PROBLEM STATEMENT:
What you return must match, exactly, the lines running from the one containing "中国历史八年级下册课件(共67张PPT)" to the end of the data, both included, and must contain no pictures.

Data excerpts
------------------------------------

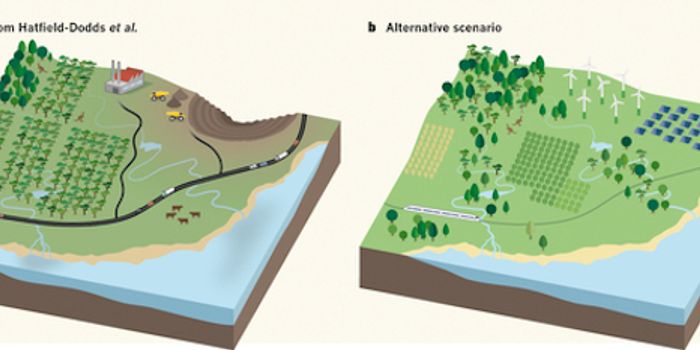 New Study Show's Australia's Future Could Be Sustainable, Both Environmentally And Economically
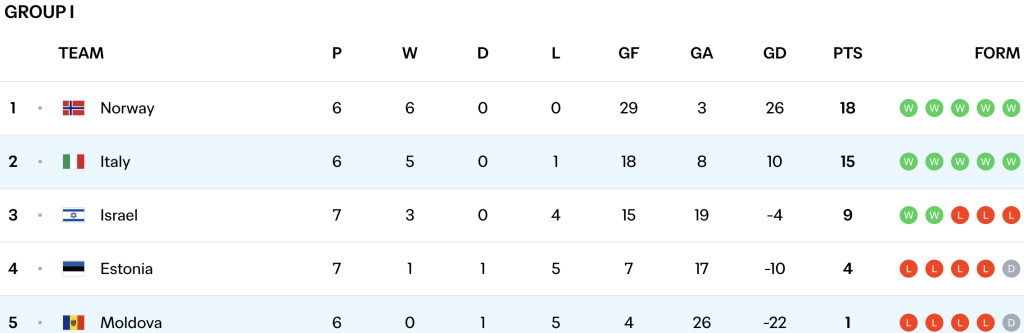 Bảng I - Cục diện trước trận Moldova v Italia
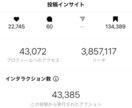 万アカ運用者がバズる投稿の台本を作成します 私が台本を作り、あなたがするのは文言チェックとコピペだけ イメージ8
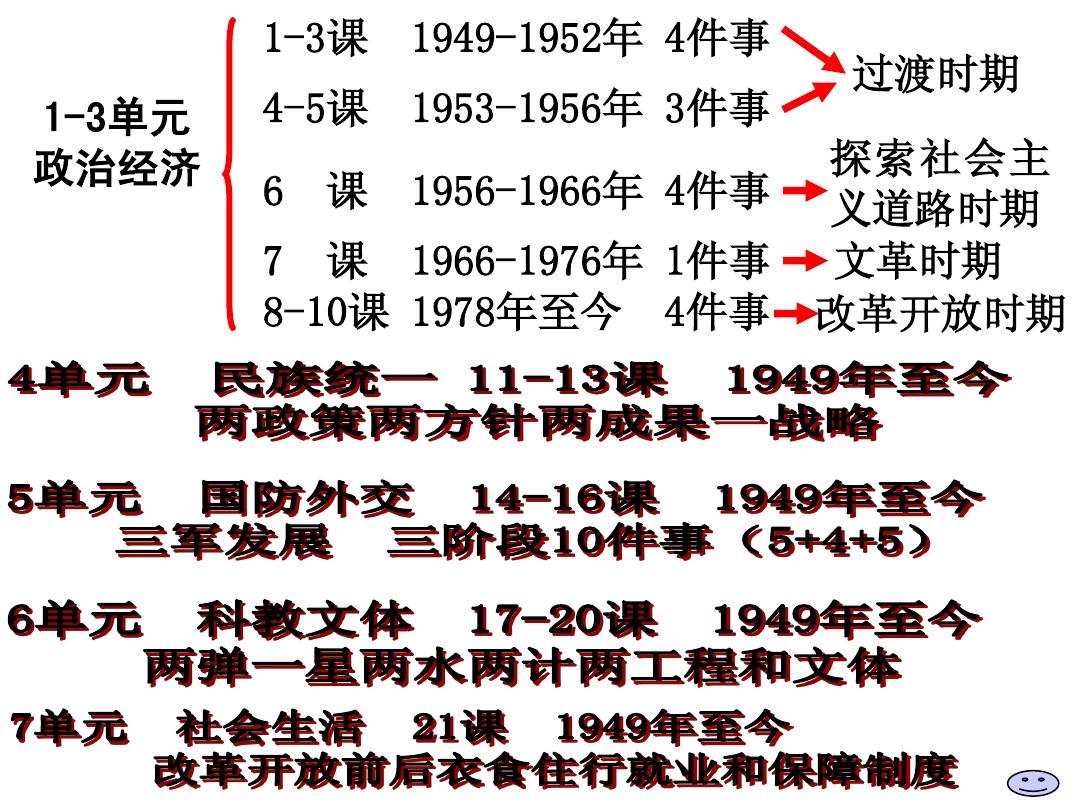 中国历史八年级下册课件(共67张PPT)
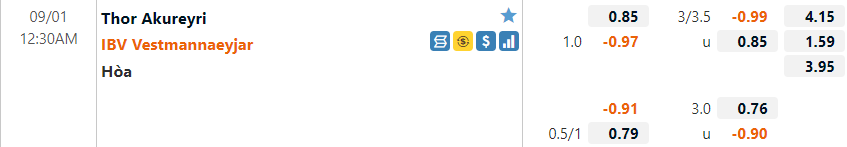 Thor Akureyri vs Vestmannaeyjar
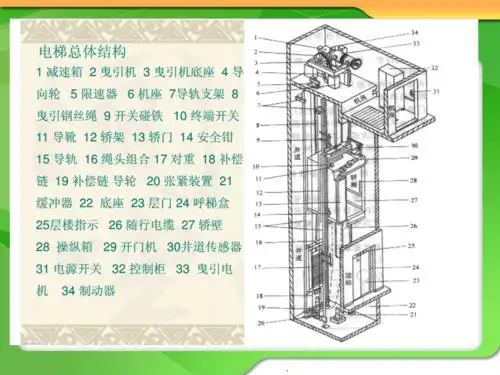 电梯基本结构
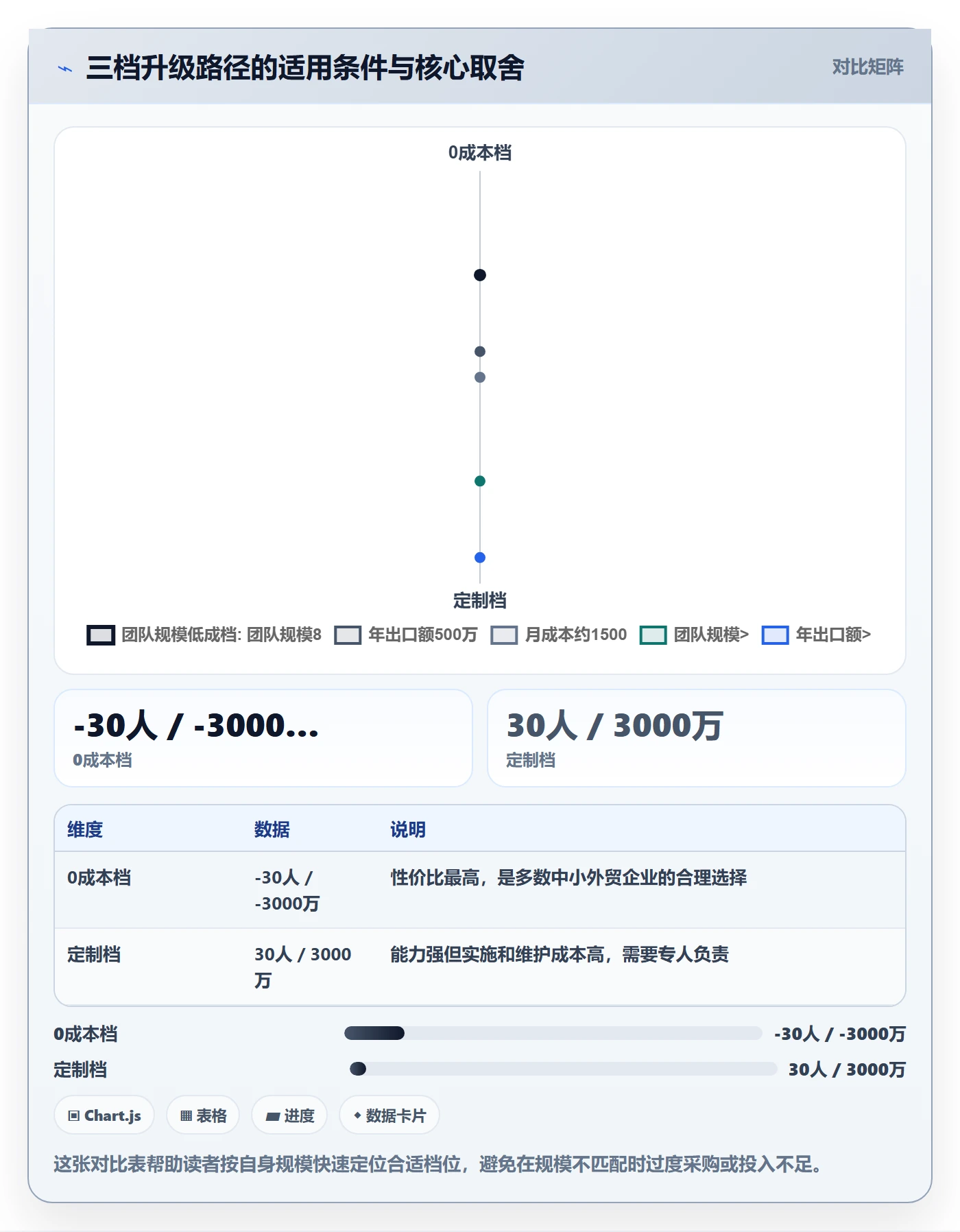 外贸数据分析平台升级方案：用成本控制改善竞争对手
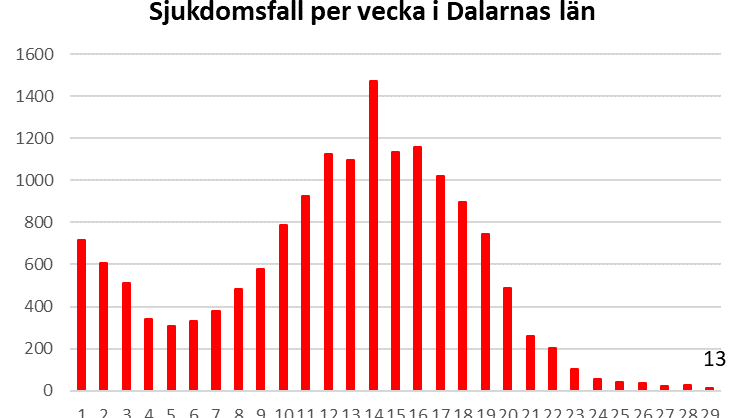 Bilden visar sjukdomsfall per vecka i Dalarnas län.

------------------------------------

EXPECTED OUTPUT:
 中国历史八年级下册课件(共67张PPT)
 Thor Akureyri vs Vestmannaeyjar
 电梯基本结构
 外贸数据分析平台升级方案：用成本控制改善竞争对手
 Bilden visar sjukdomsfall per vecka i Dalarnas län.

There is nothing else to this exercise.